REQUIREMENT →
Please reproduce the lines of the records below from the one holding "LV Graphic Intarsia Zipped Cotton Hoodie" through the one holding "Silver Charms Ring", inclusive, skipping all pictures.

TASK DATA →
•••••
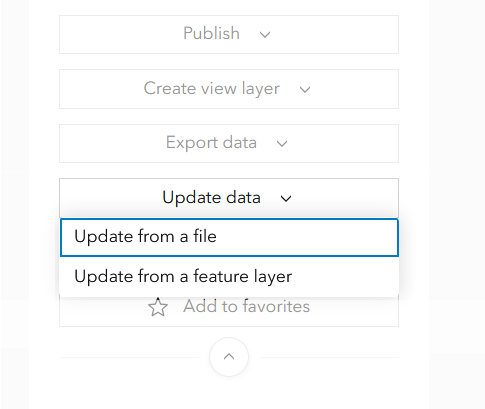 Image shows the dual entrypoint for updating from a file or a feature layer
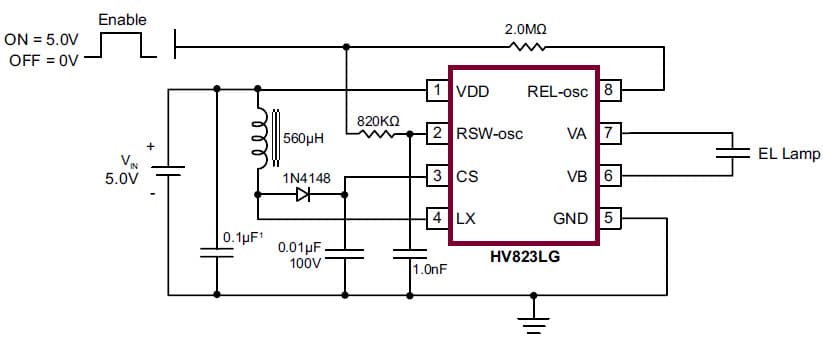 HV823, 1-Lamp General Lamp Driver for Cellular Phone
•••••
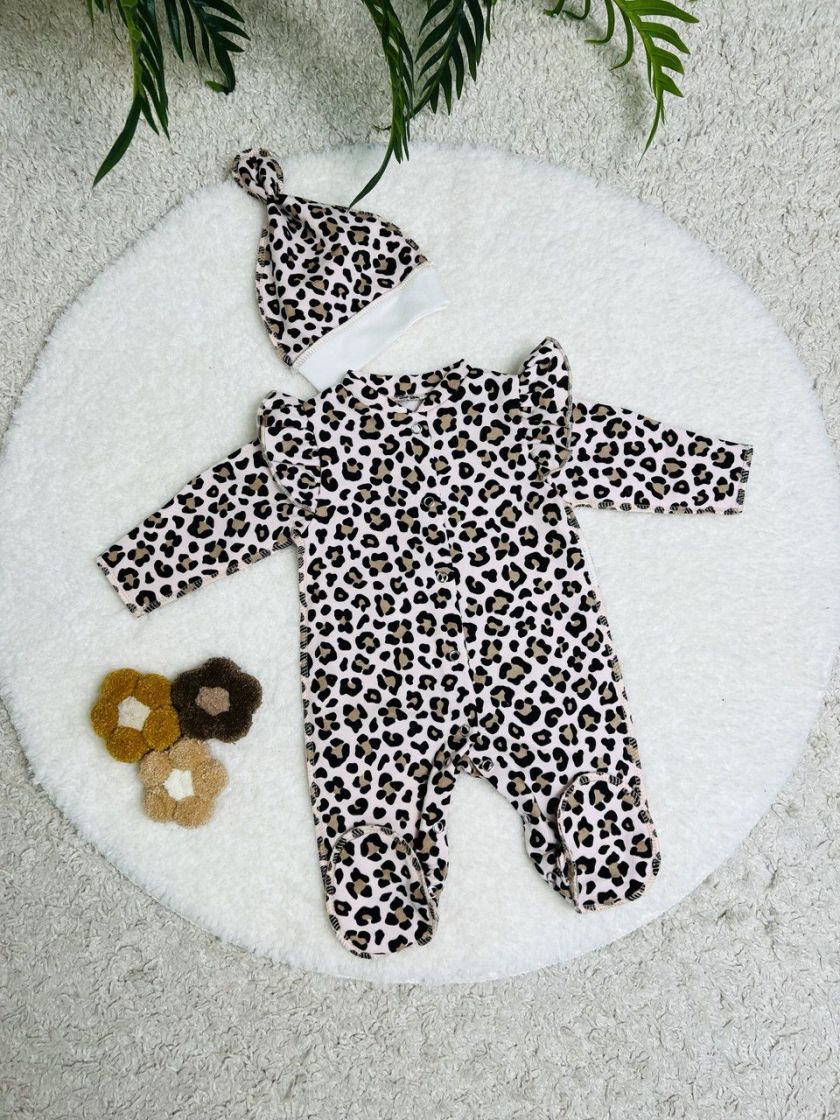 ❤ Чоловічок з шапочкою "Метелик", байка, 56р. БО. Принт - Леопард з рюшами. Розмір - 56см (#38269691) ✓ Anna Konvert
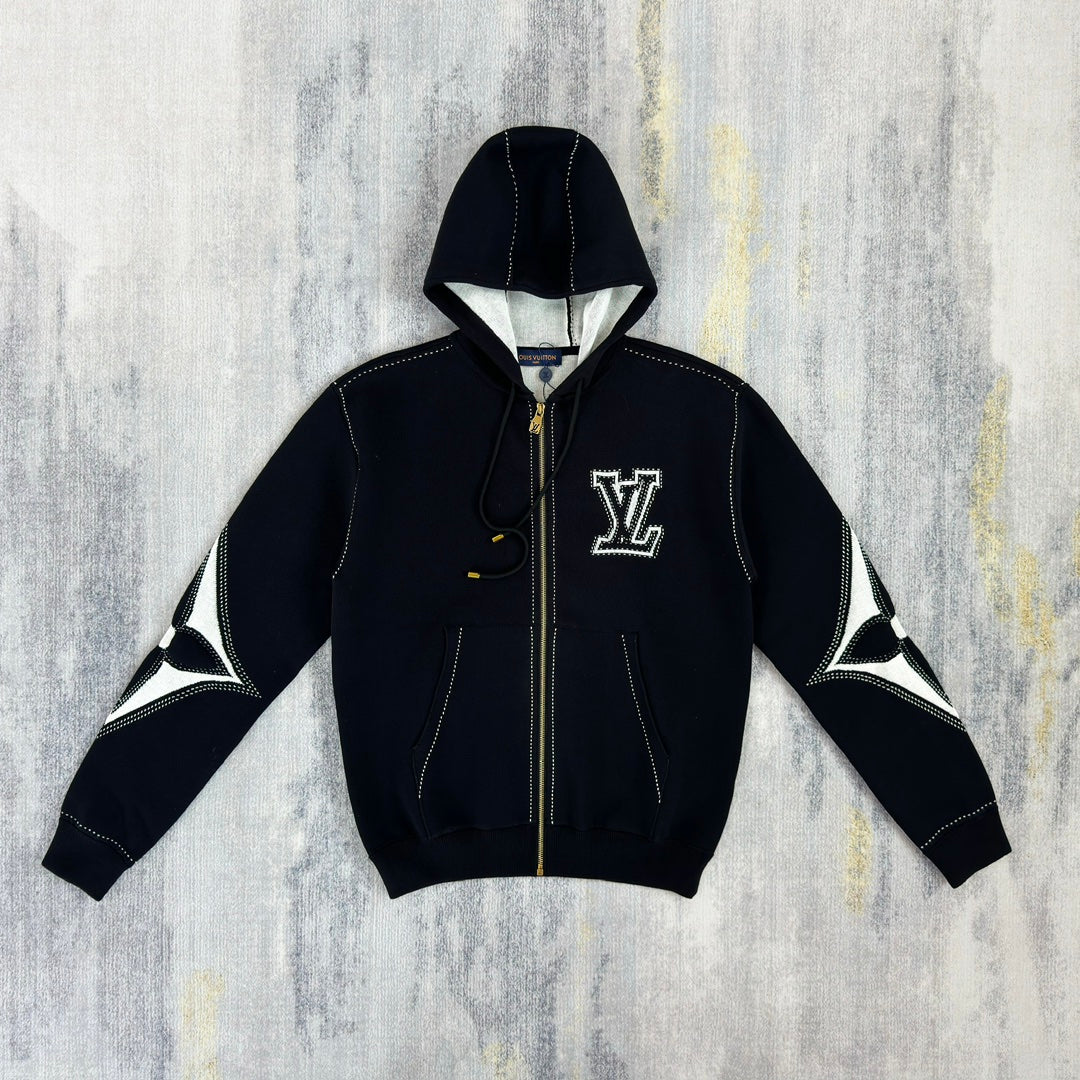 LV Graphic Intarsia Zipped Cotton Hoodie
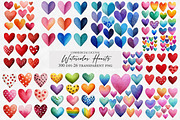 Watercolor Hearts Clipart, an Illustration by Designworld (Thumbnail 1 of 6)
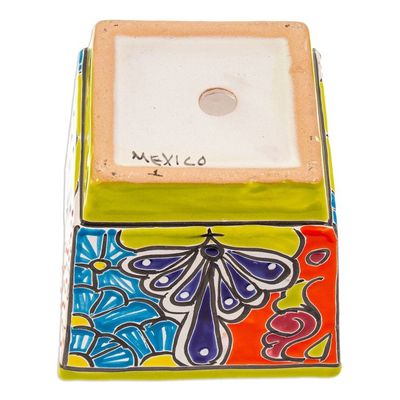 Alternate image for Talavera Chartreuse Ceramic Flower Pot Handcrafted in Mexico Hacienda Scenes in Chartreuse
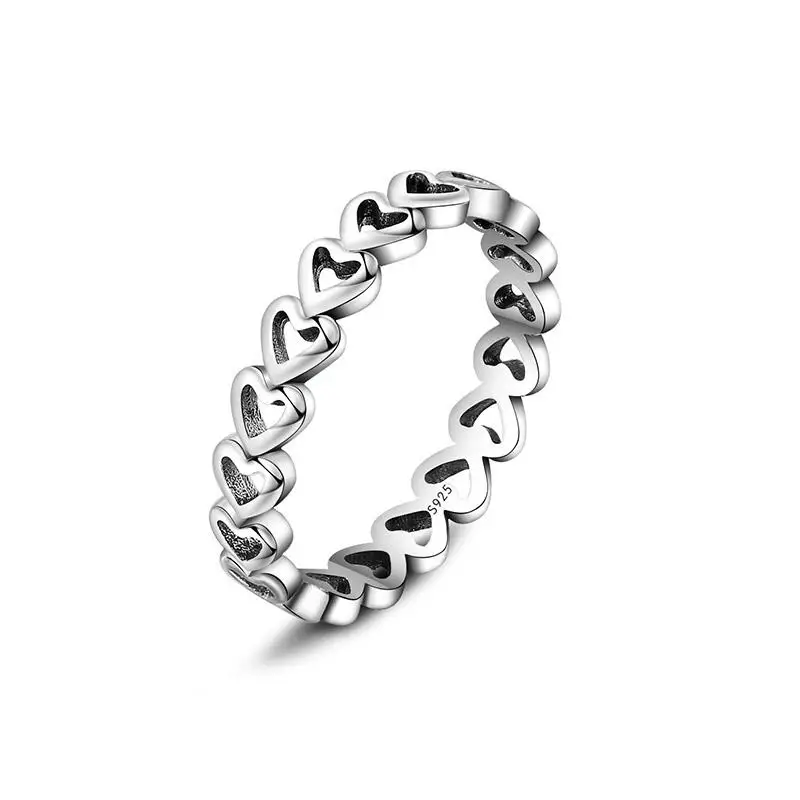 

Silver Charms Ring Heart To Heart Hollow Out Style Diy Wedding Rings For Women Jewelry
•••••
OUTPUT OF THE TASK →
 LV Graphic Intarsia Zipped Cotton Hoodie
 Watercolor Hearts Clipart, an Illustration by Designworld (Thumbnail 1 of 6)
 Alternate image for Talavera Chartreuse Ceramic Flower Pot Handcrafted in Mexico Hacienda Scenes in Chartreuse

Silver Charms Ring Heart To Heart Hollow Out Style Diy Wedding Rings For Women Jewelry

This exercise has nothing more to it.